Here is a release candicate for v1.0

Added

  • Readme: add dependency description.

Changed

  • Bump up version number.

  • Readme: recommend ‘pip install pykakasi’

  • Replace anydbm with semidbm that is a pure dbm implementation with performance.

Fixed

  • Reduce test warnings.

  • No platform dependency now.

  • Fix dependency in wheel package that depend on gdbm in previous release.

Removed

  • Binary release for windows and linux.

v0.28 (26, Mar., 2018)

Fixed

  • wheel platform tag for linux is now manylinux1_i686 or _x86_64

v0.26 (26, Mar., 2018)

Changed

  • Use six for python 2 and 3 compatility code.

Fixed

  • Build wheel with platform names.

v0.25 (25, Mar., 2018)

Added

  • Test on Python 3.5 and Python 3.6

  • Test on Windows using AppVeyor

  • Mesure test coverage and monitor on coveralls.io

Changed

  • Move dictionary data to pykakasi/data

  • Build dictionary when setup.py build

  • Recoomend installation from github source not pypi. (#17)

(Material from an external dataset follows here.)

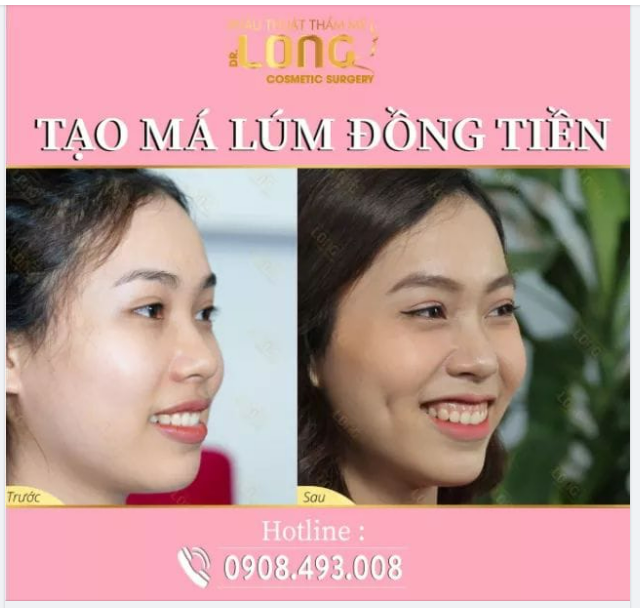 Ở ĐÂY CÓ BÁN NÉT “DUYÊN DÁNG, ĐÁNG YÊU” DÀNH CHO CÁC CÔ NÀNG ANH CHÀNG MANG VỀ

  • Converter configuration become per instance not class wide.

Fixed

  • kakasi.py: Fix exception class name typo of InvalidFlagValueException

  • kakasi.py, h2a.py, k2a.py: Do not import all exception class.

  • test_genkanwadict.py: Multi platform support for temp directory(#27).

  • setup.py: change _pre_build() to pre_build() (#17).

v0.23 (25, May., 2014)

  • Support following options in kakasi command.

  • same as original kakasi:

    -J{aKH} -K{aH} -H{aK} -E{a}
    -rk -rh
    -w -s -S -C
    
  • additional options:

    -v --version -h --help
    -O --output: output file
    -I --input: input file
    
  • Change default behavior as almost same as original kakasi

  • Zenkaku numbers conversion

  • Passport roman conversion table

v0.22 (3, May., 2014)

  • Introduced kakasi command

  • Symbols support

v0.21 (27, April., 2014)

  • Wakati conversion support

v0.20 (27, April., 2014)

  • Pickled roman tables

Version 0.10 (25, April, 2014)

  • Work on python 2.6, 2.7, 3.3, 3.4 (Thanks @FGtatsuro)

  • Kunrei and Hepburn roman table